20 July 2004 | Chris Knipp
No, not the dance
Somehow one expected Jacob Tierney's Twist to be bad, but one didn't know how bad. Doesn't Nick Stahl ever get any better roles than this? (He has an important part in Terminator 3, but somehow that's not exactly acting.) He's a soulful fall guy (he's been brutally murdered on screen at least twice) but he needs to break out of the mold.

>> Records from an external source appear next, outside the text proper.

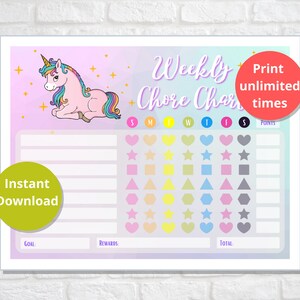 Peut inclure: Un tableau de bord des tâches ménagères hebdomadaires imprimable avec une licorne rose avec une crinière et une queue arc-en-ciel. Le tableau a un fond arc-en-ciel avec des étoiles et comprend des espaces pour chaque jour de la semaine, des points, des objectifs, des récompenses et une section de points totaux.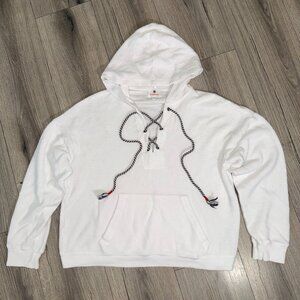 Sundry Sherpa Lace-Up Hoodie - White w/Navy Lace - V-Neck with Hood - Size 0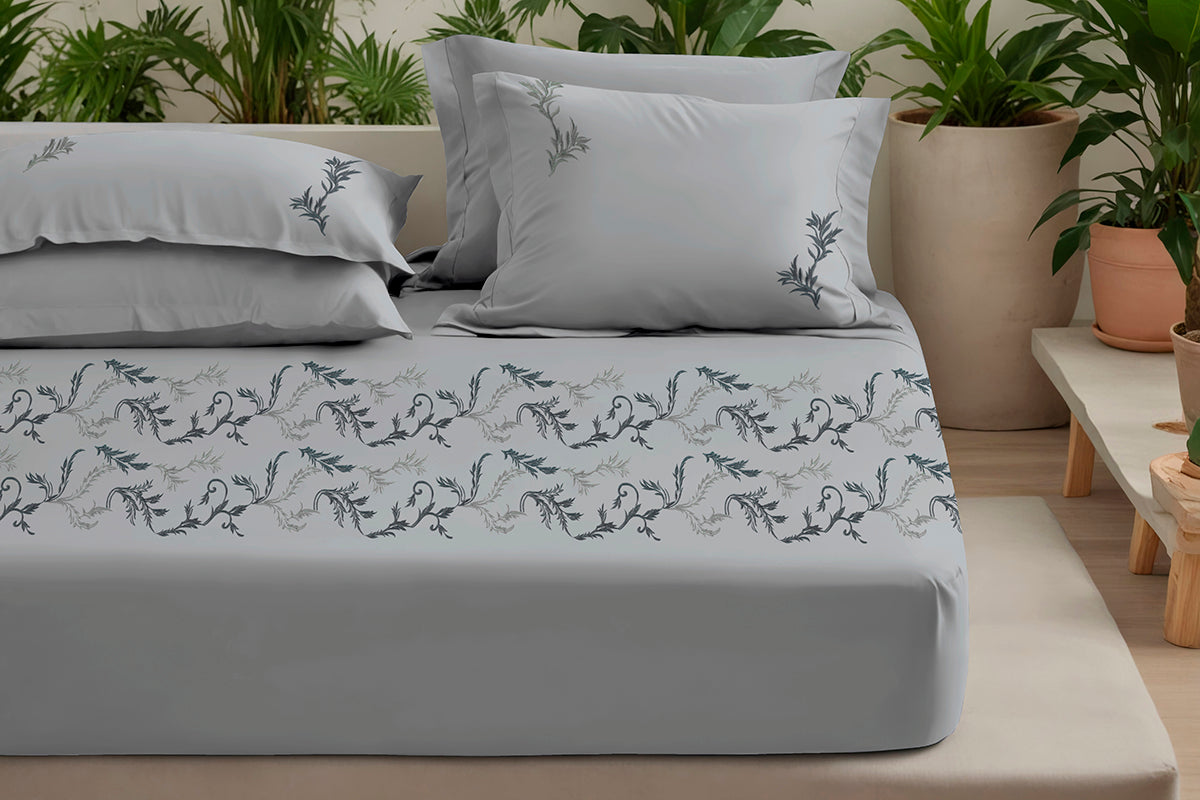 Imperial Ember - 300 TC Pure Cotton Embroidered Bedsheet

Here he is again, though, playing a loser role in a loser movie.
Nick must have got cast because he has those big dark sad hustler eyes, because here we are again in a gay updated version of a literary classic, this time a honed down Dickens transposed to a modern male hustler setting, just as Gus Van Sant's My Own Private Idaho was - but only in part, and that was the least successful part - a gay modernization of Shakespeare's Henry IV. Keanu Reeves got to mess around with River Phoenix just the way Prince Hal got to party with the low lifers of Eastcheap, and when he rejected the Falstaff surrogate the dissolute pedophile embodied by avantgarde filmmaker William Richert he was also rejecting the gay life. This Oliver Twist (Twist, Joshua Close) doesn't have much fun, or much of a relationship with anybody, nor does he get to reject the quagmire he's planted in. Instead of Portland we're in Toronto, which replaces London, and scoring tricks replaces picking pockets. Fagin is a fat arty movie person with a gay ponytail. Actually he's Gary Farmer, who was the wonderful character Nobody in Jim Jarmusch's Dead Man. But this time he isn't given much to work with and really is nobody. Nick Stahl is the Arful Dodger, only he's just called Dodge. He's not artful; nor is this movie.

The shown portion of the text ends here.